In tale combinazione convivono molti aspetti controversi: - l’enfasi sul "terzo settore" si propone come pendant del decisionismo e si articola all’interno della riproposizione del mito dell’immediatezza, dell’autosufficienza, dell’autenticità della società civile; - il decisionismo è intriso di autoritarismo e di immagini di gerarchizzazione della società (di cui è esemplificazione il giudizio, tanto negativo quanto sommario, sul ’68), di conservatorimo valoriale e di tradizionalismo religioso; - della globalizzazione si chiede un rallentamento e perfino un arresto, non un rovesciamento di qualità e di segno, così come l’Europa è configurata solo come "fortezza", armata di un forte protezionismo, chiusa entro un Occidente guerrescamente visto come un monolite, ben diverso dall’"Occidente diviso" di cui parla Habermas, che affida alla "ragione pubblica" l’esercizio della specificità civilizzatrice dell’Europa.

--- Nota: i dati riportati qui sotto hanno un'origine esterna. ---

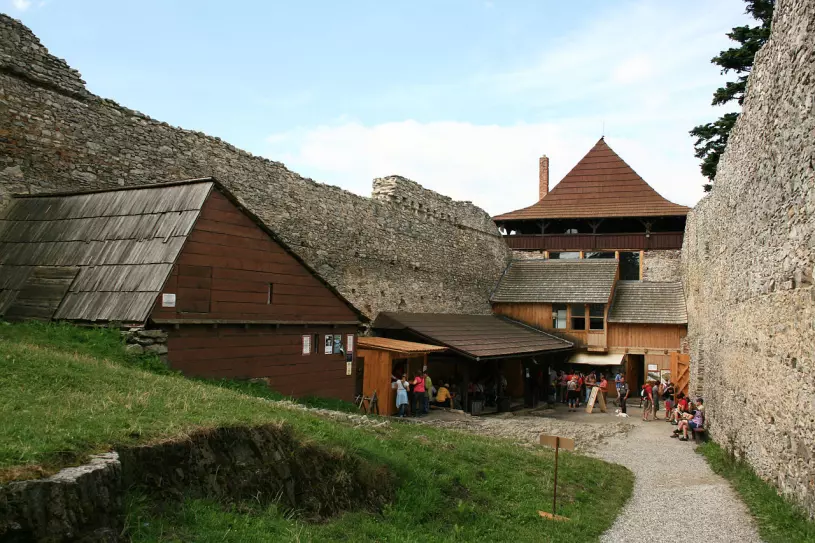 Vydejte se o víkendu na hrad Kašperk, který vás dostane do roku 2084 a zároveň vás pobaví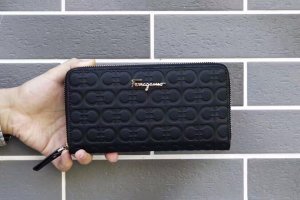 2019大人気爆発フェラガモ☆Ferragamo☆メンズ 長財布コピー ☆人気商品今流行り欠かせない存在☆★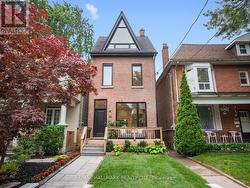 149 VICTOR AVENUE  Toronto, ON M4K 1A9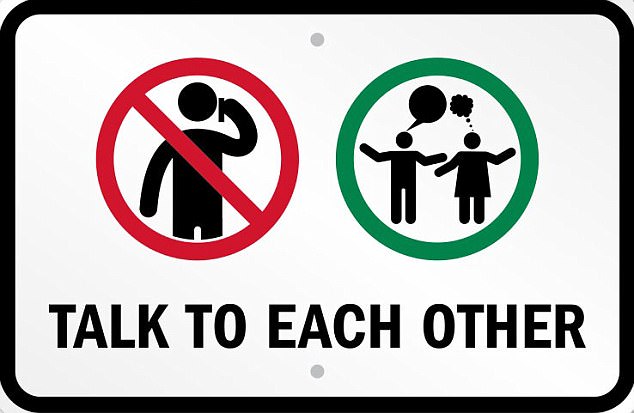 634x413 Hilarious Signs Tell People To Put Down Their Phones Daily Mail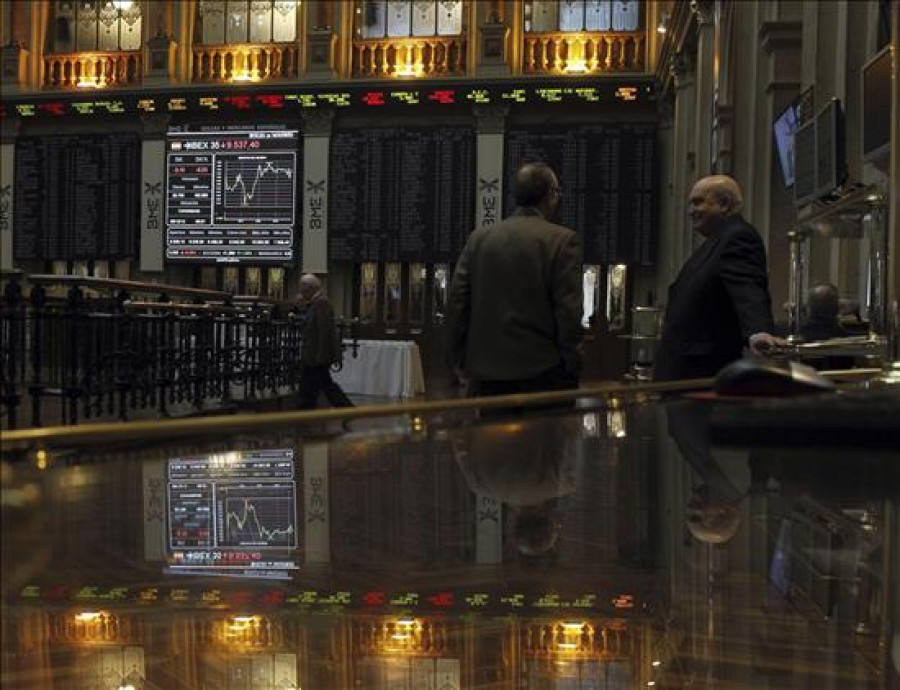 El IBEX cae el 0,05 por ciento y se queda al borde los 9.500 puntos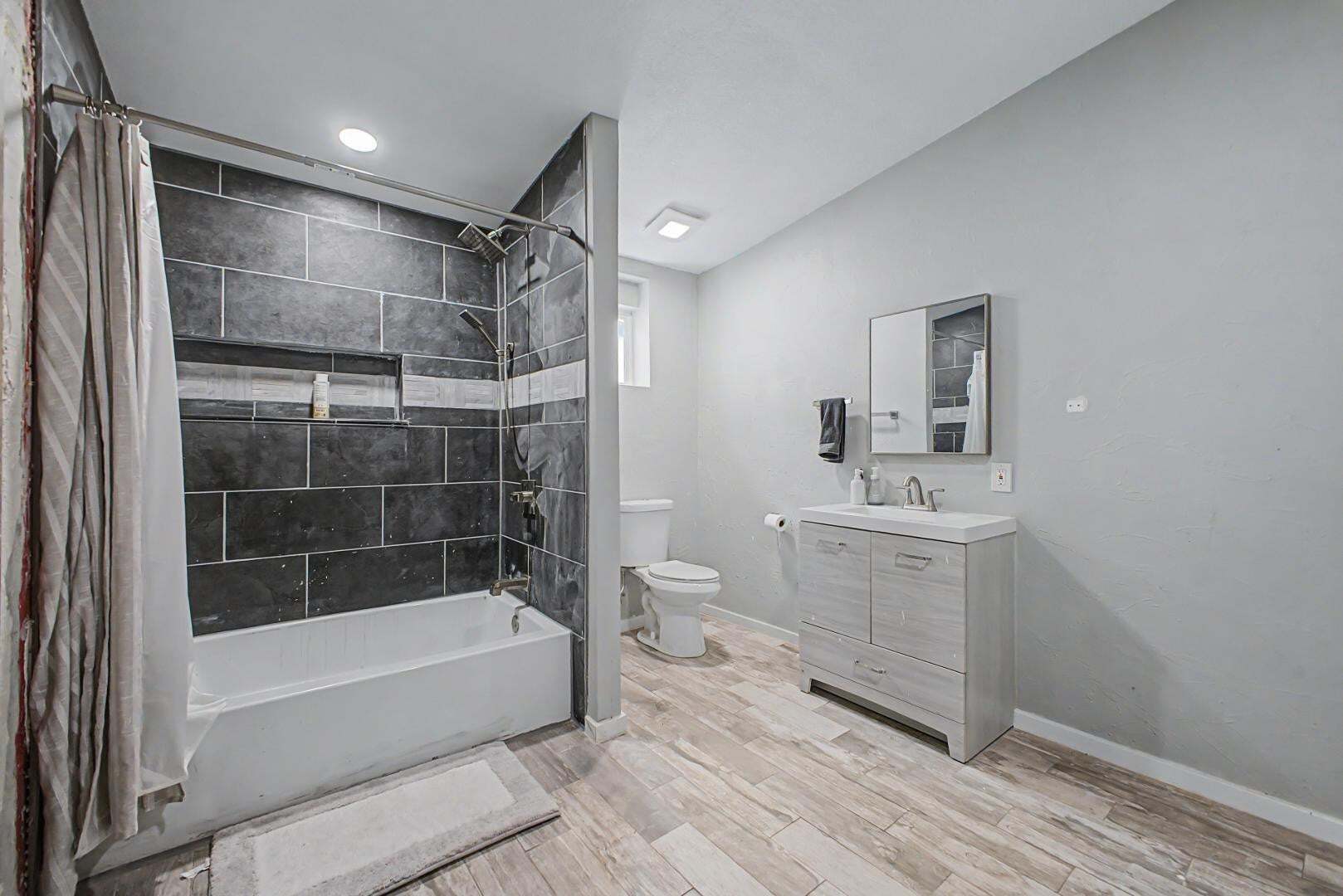 Building Photo - 2025 E Howe Ave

Per questo i compiti innanzitutto culturali che gravano su di noi - a partire dall’interrogarsi su "quale globalizzazione", proporre un nuovo ordine economico mondiale e una nuova Bretton Woods, fare dell’Europa il motore di una globalizzazione "equa", europeizzare l’Italia, lanciare una stagione di neoumanesimo - sono così ardui e al tempo stesso così ineludibili.